= TASK DETAILS =
Exact reproduction of the listing is required. Pictures are not reproduced.

= STORED DATA =
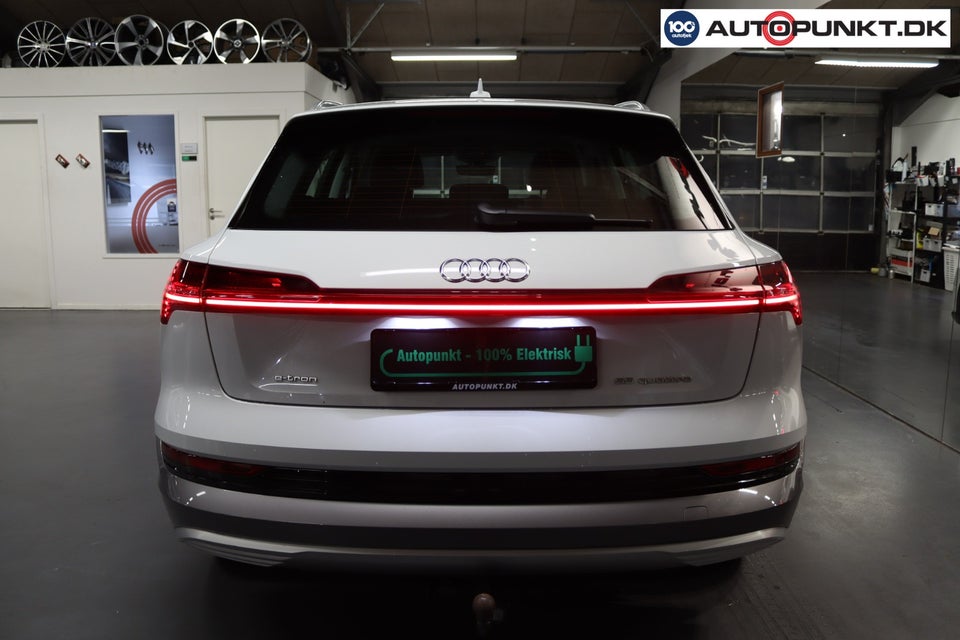 Audi e-tron 55 Prestige quattro 5d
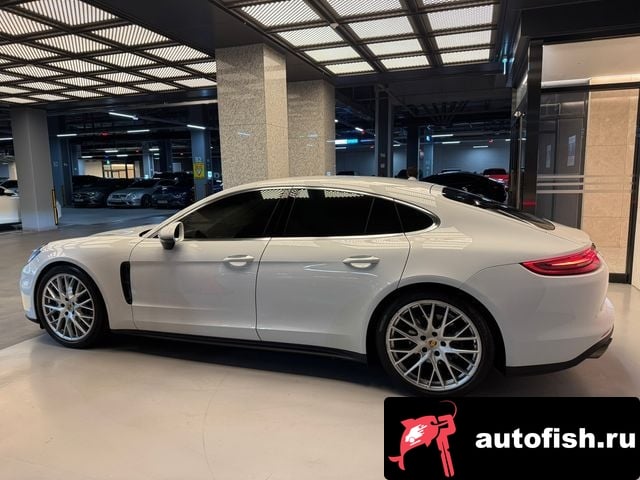 Porsche Panamera Panamera (971) 2018 года - похожие автомобили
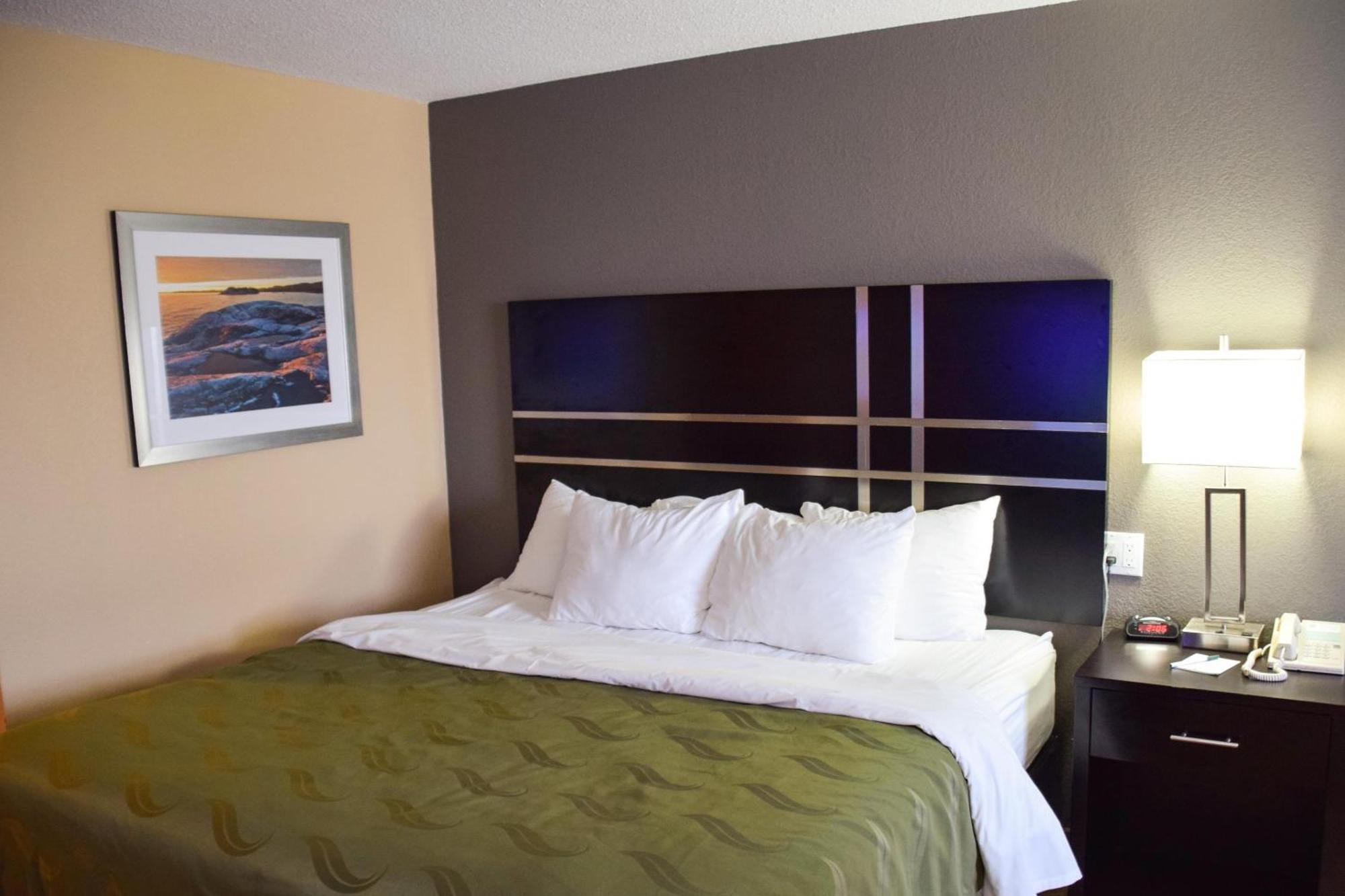 Quality Inn Брейсбридж Экстерьер фото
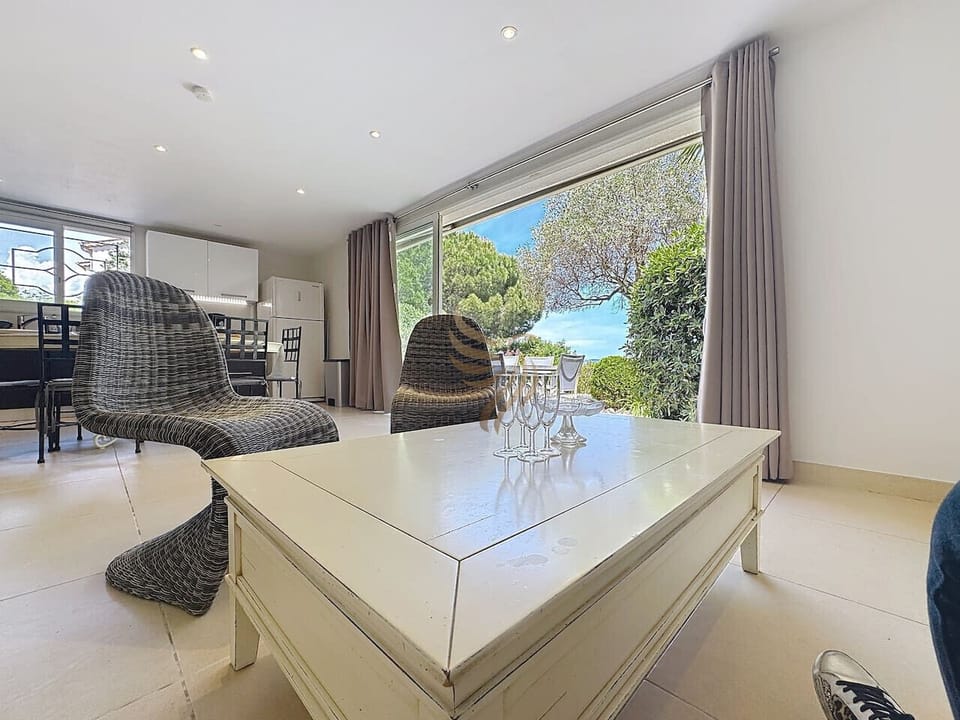 Le salon lumineux dispose d`une grande baie vitrée qui ouvre sur le jardin, idéal pour profiter du paysage en toute saison. Imaginez-vous dans ce cadre apaisant, un verre à la main, savourant la tranquillité.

= SOLVED EXERCISE =
 Audi e-tron 55 Prestige quattro 5d
 Porsche Panamera Panamera (971) 2018 года - похожие автомобили
 Quality Inn Брейсбридж Экстерьер фото
 Le salon lumineux dispose d`une grande baie vitrée qui ouvre sur le jardin, idéal pour profiter du paysage en toute saison. Imaginez-vous dans ce cadre apaisant, un verre à la main, savourant la tranquillité.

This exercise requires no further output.